Supplied data -

═══

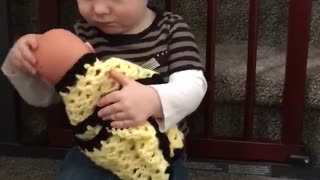 Toddler prepares to become big brother by caring for doll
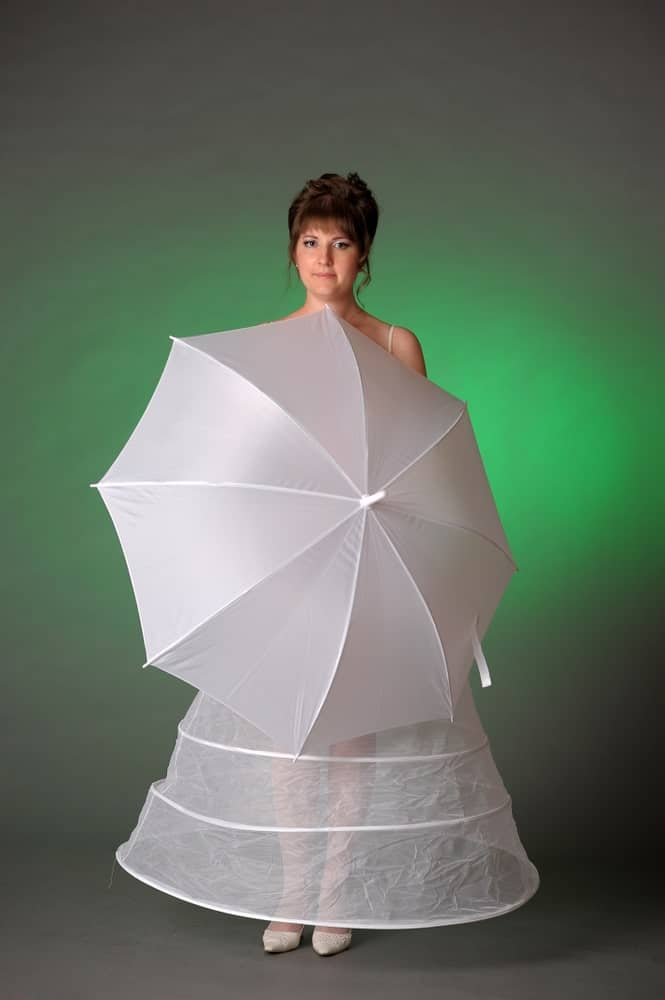 Woman in a white petticoat holding an umbrella.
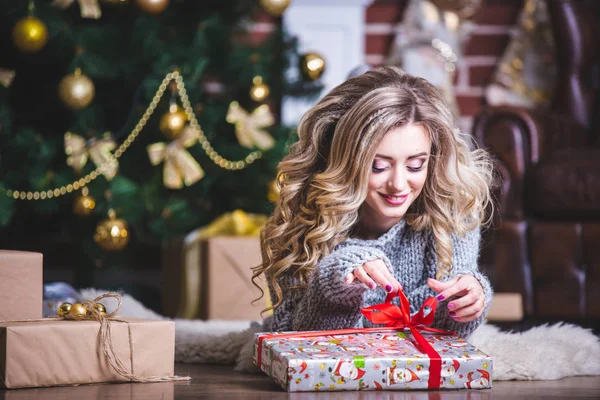 Oturma odasında yere yatan ne hediye kutusunda Noel ağacının yakınında olduğunu tahmin etmeye bir mutlu Noel kadın portresi. Kapat. — Stok fotoğraf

═══

Activity - Could the data above be copied out exactly, with no pictures kept?

Exercise response -
 Toddler prepares to become big brother by caring for doll
 Woman in a white petticoat holding an umbrella.
 Oturma odasında yere yatan ne hediye kutusunda Noel ağacının yakınında olduğunu tahmin etmeye bir mutlu Noel kadın portresi. Kapat. — Stok fotoğraf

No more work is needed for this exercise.